Looking ahead, the principles underlying LCGuard are poised to influence the design of next-generation distributed AI systems. As multi-agent architectures grow in complexity, involving hundreds or thousands of agents interacting in dynamic environments, the need for scalable and robust privacy mechanisms will become even more critical. Future research may explore the integration of LCGuard with other security paradigms, such as differential privacy or secure multi-party computation, to provide layered protection against increasingly sophisticated attacks. Additionally, the framework could be extended to support heterogeneous agent systems, where different agents use varying model architectures or training data, requiring more flexible transformation strategies. The adaptability of the adversarial training approach suggests that it can be tailored to specific domain requirements, such as healthcare or finance, where the definition of sensitive information may vary.

The long-term vision for LCGuard includes its application in open-source AI ecosystems, where transparency and community-driven security audits are paramount. By providing a transparent and reproducible framework, LCGuard empowers the community to identify and patch vulnerabilities in shared AI components. This collaborative approach to security is essential for building a trustworthy AI infrastructure that can support the widespread adoption of autonomous agents in society. As the technology matures, we may see the emergence of standardized protocols for secure latent communication, with LCGuard serving as a foundational reference implementation. These protocols would enable seamless and secure interoperability between different AI systems, fostering a global network of collaborative agents that respect privacy boundaries while maximizing collective intelligence.

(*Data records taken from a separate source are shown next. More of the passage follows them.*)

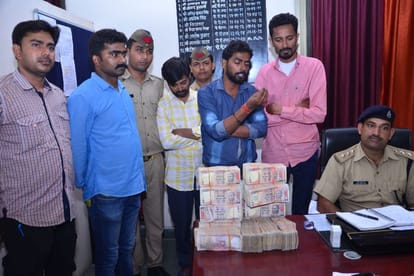 Police caught old currency notes worth one crore in Lucknow.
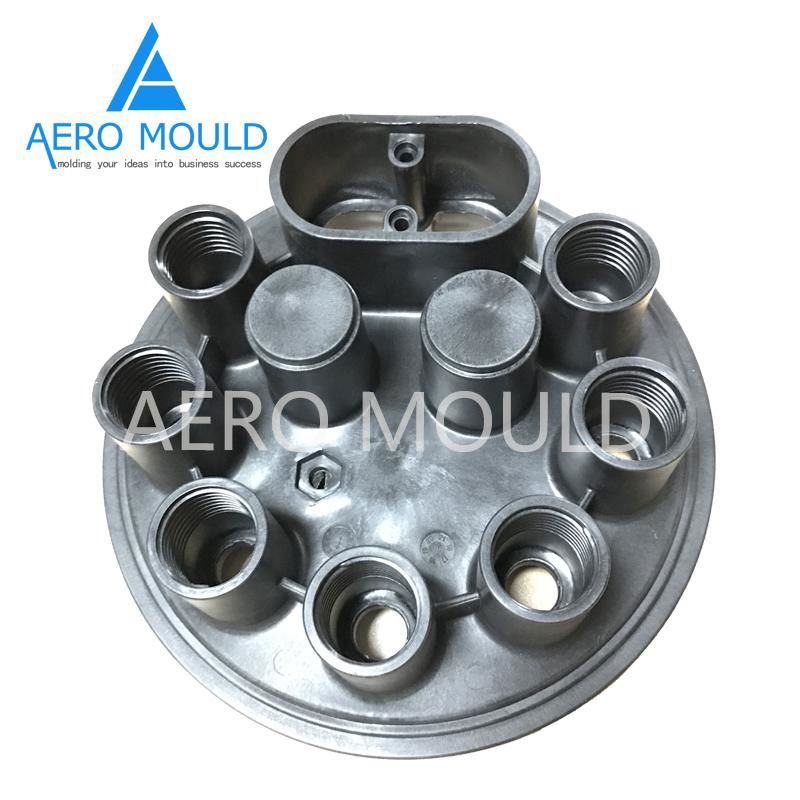  Engineering Plastic Injection Mold Manufacturer 2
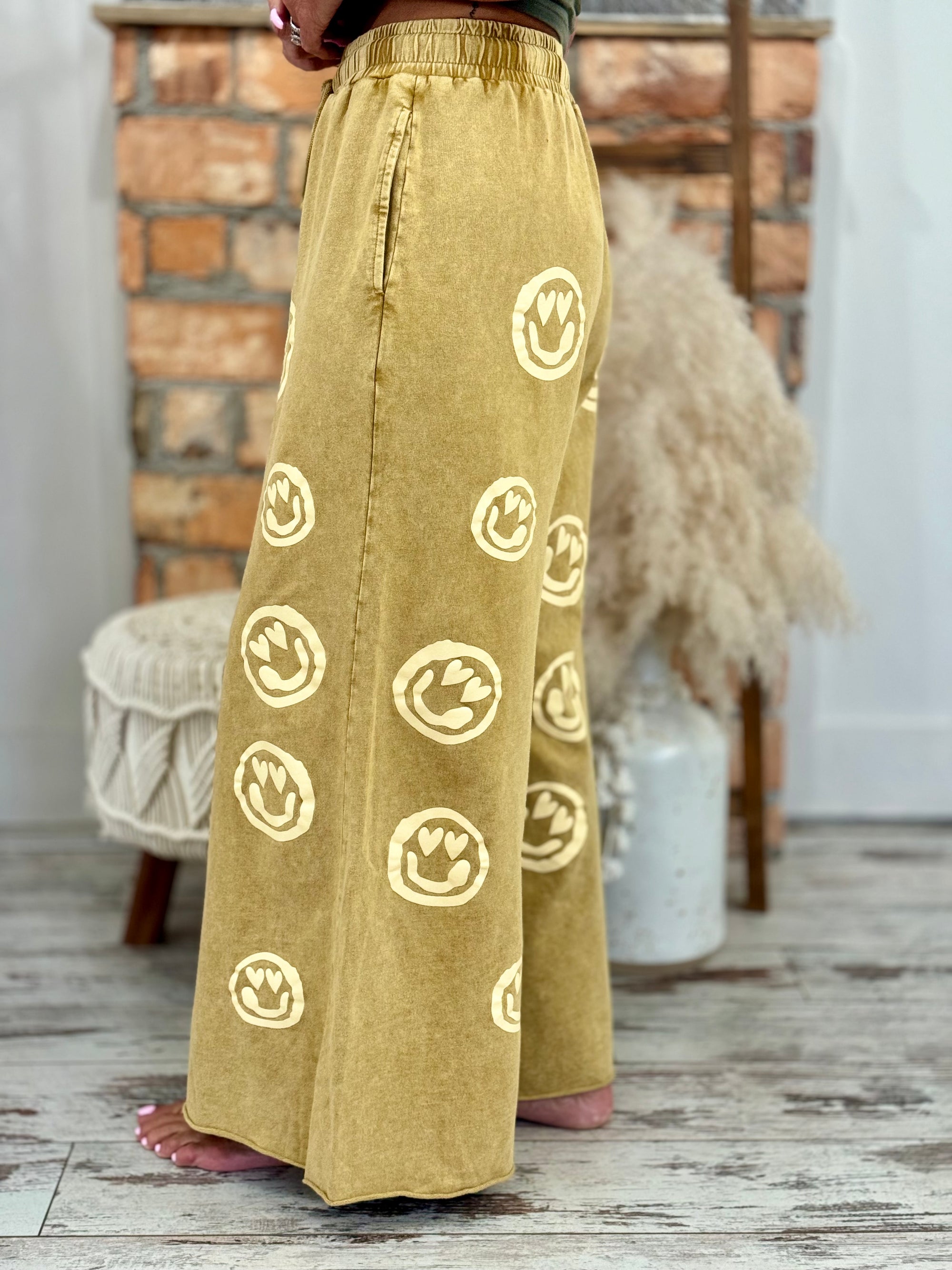 Mineral Wash Smiley Wide Leg Pants in Camel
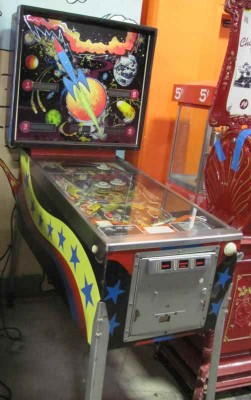 PINBALL MACHINE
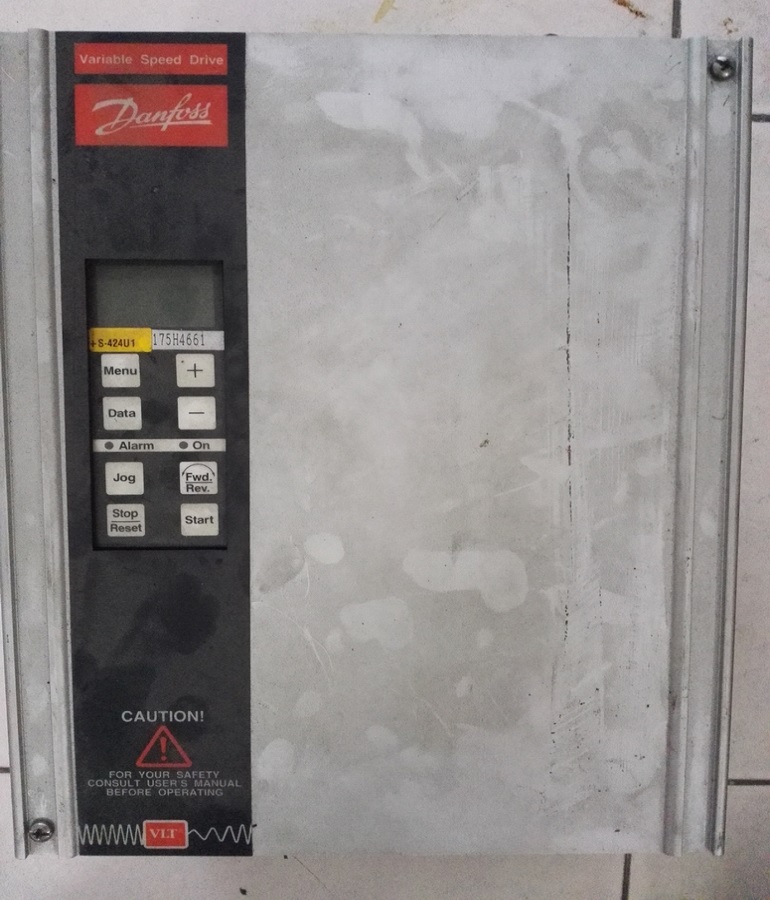 Danfoss inverter maintenance Danfoss inverter vlt3004 series maintenance power on no display maintenance 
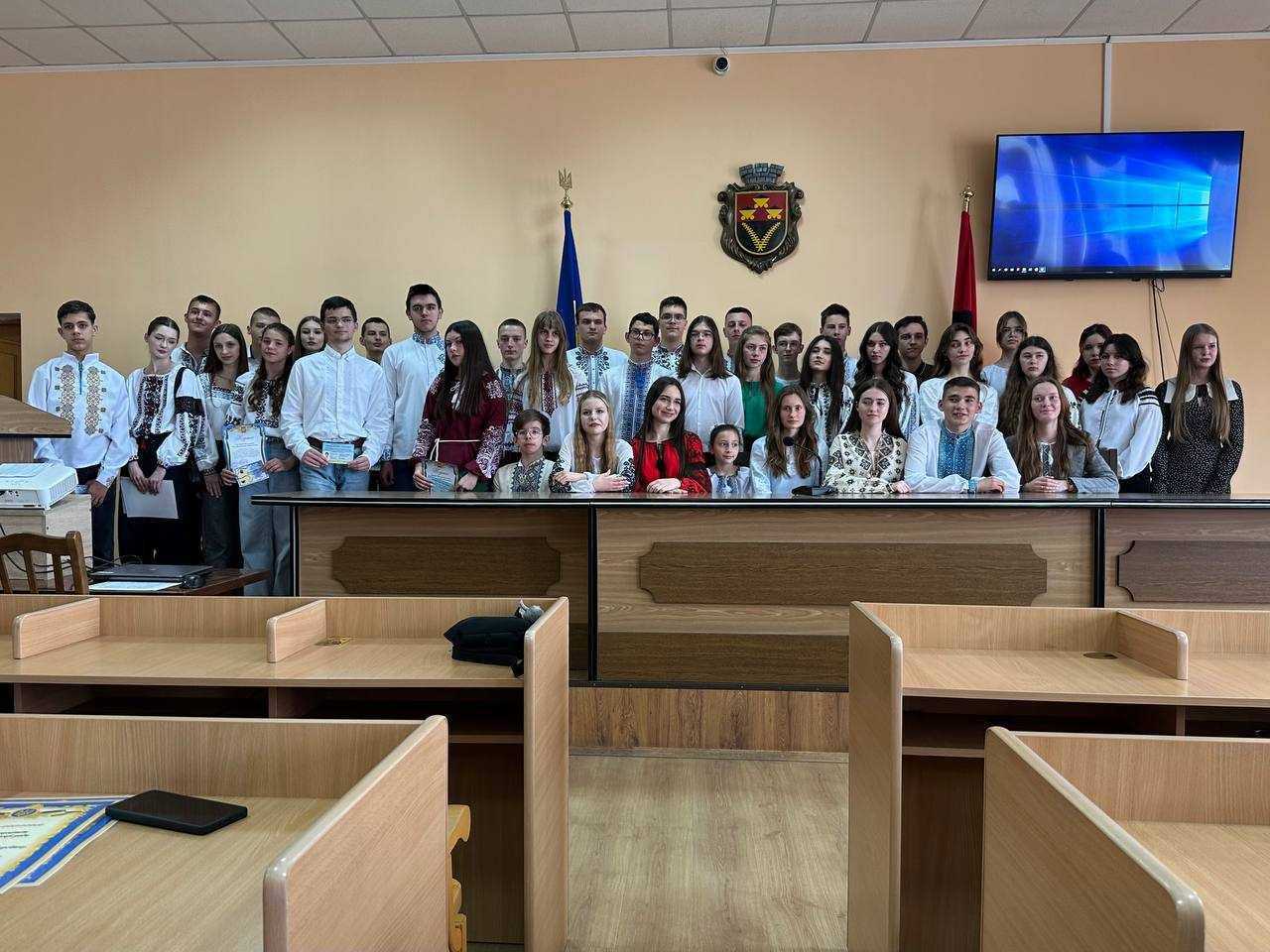 Громада нарощує освітні досягнення: 77 обласних призерів учнівських олімпіад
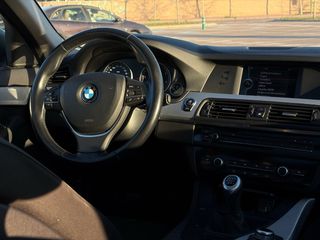 BMW Serie 5 520d 2011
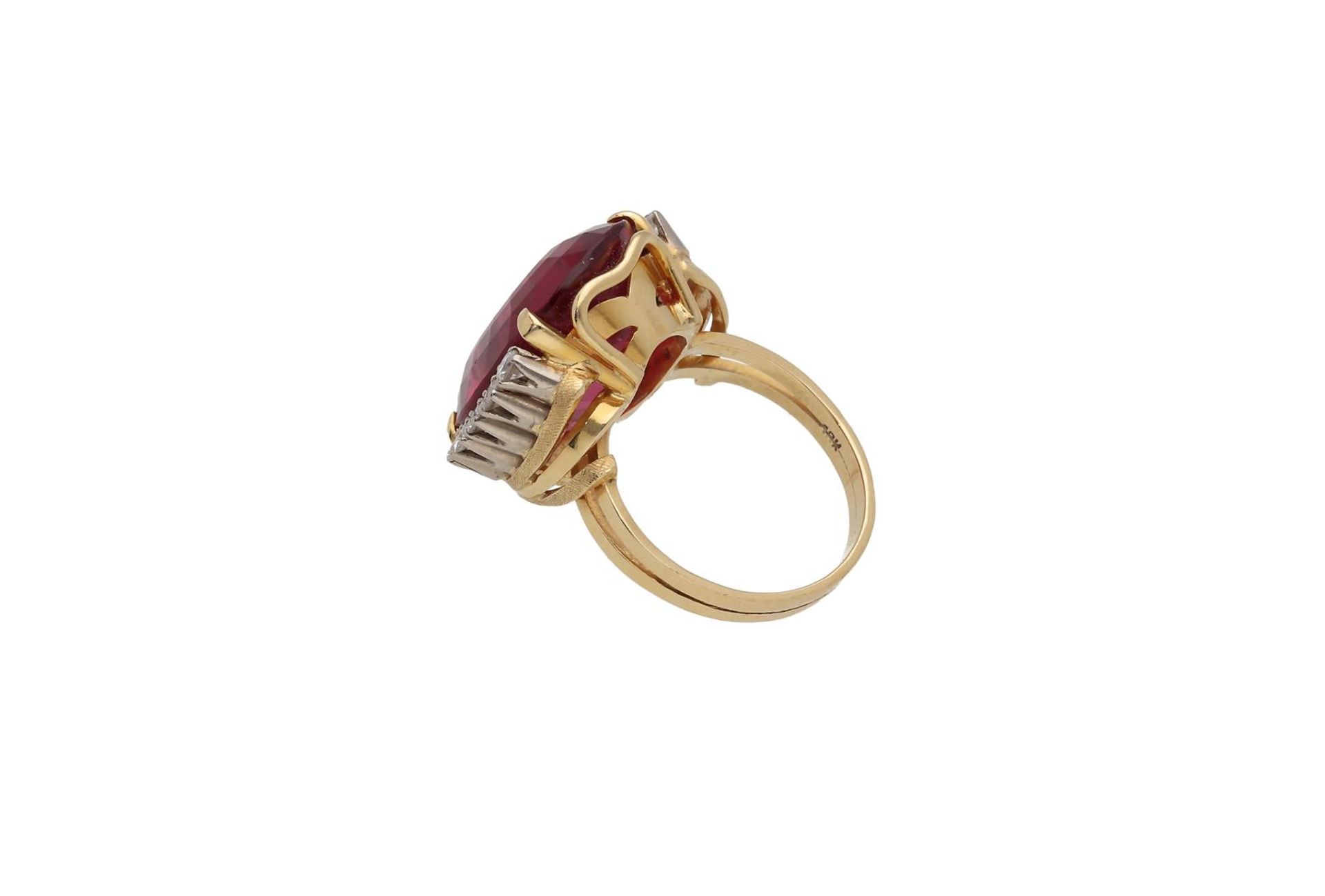 A vintage 14-kt gold ring, set with a modified step cut rubelite, of approx. 18.1 ct. and ten brilli - Bild 2 aus 4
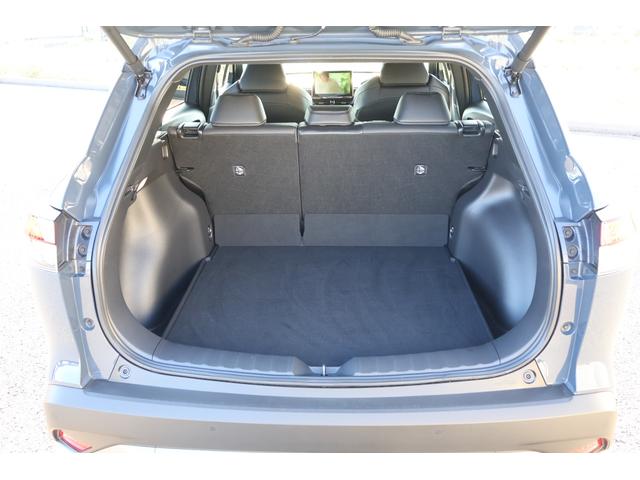 カローラクロス ハイブリッド Z 4WD 全周囲カメラ オートクルーズコントロール レーンアシスト パワーシート パークアシスト 衝突被害軽減システム ナビ TV オートマチックハイビーム オートライト LEDヘッドランプ(18枚目)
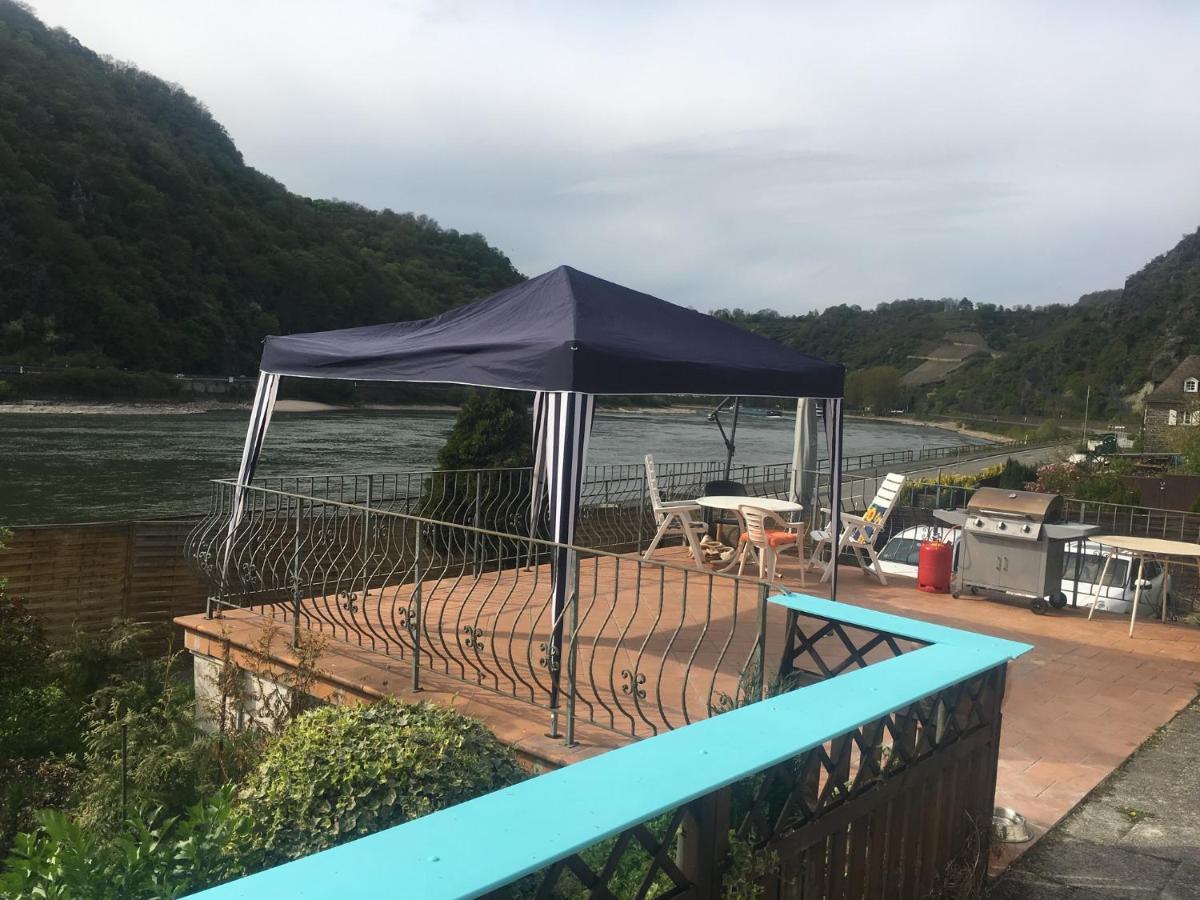 Loreleybrunnen Appartement Sankt Goarshausen Buitenkant foto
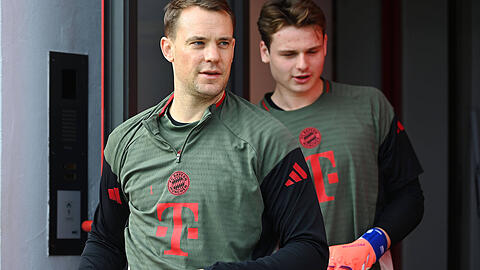 Bayerns Stammtorh&uuml;ter und sein m&ouml;glicher Nachfolger: Manuel Neuer (l.) und Jonas Urbig.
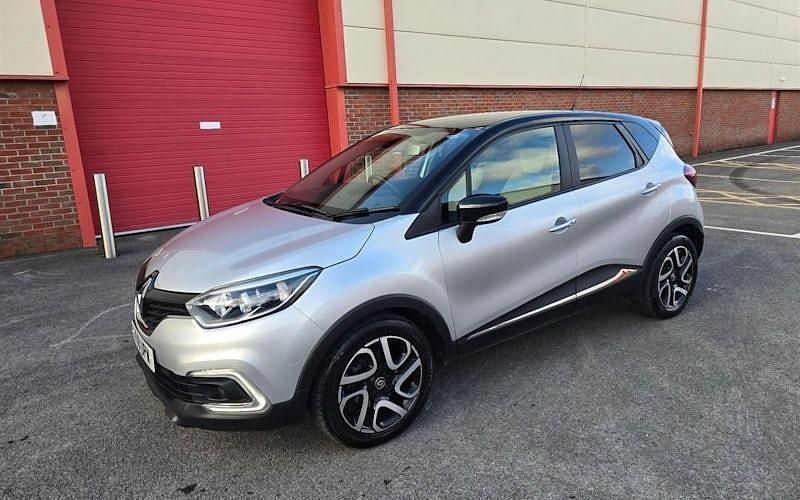 Used Renault Captur Iconic 90 HP (66 kW) 2018 Silver/black SUV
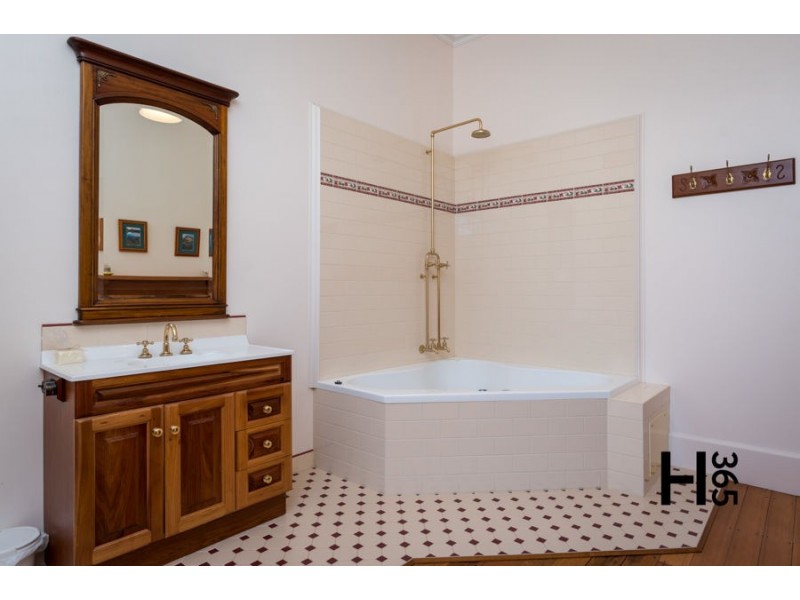 58 King Edward Street, Ulverstone TAS 7315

Ultimately, the success of LCGuard hinges on its ability to evolve alongside the threats it seeks to mitigate. Continuous monitoring of new attack vectors and the development of adaptive defense mechanisms will be necessary to maintain its effectiveness. The research community must remain vigilant in exploring the intersection of efficiency and security in AI systems, ensuring that the pursuit of performance does not come at the expense of fundamental rights like privacy. LCGuard represents a significant step in this direction, offering a practical and theoretically sound solution to one of the most pressing challenges in multi-agent AI. Its adoption and further refinement will play a crucial role in shaping the future of secure, collaborative artificial intelligence, enabling a world where AI systems can work together seamlessly without compromising the confidentiality of the data they process.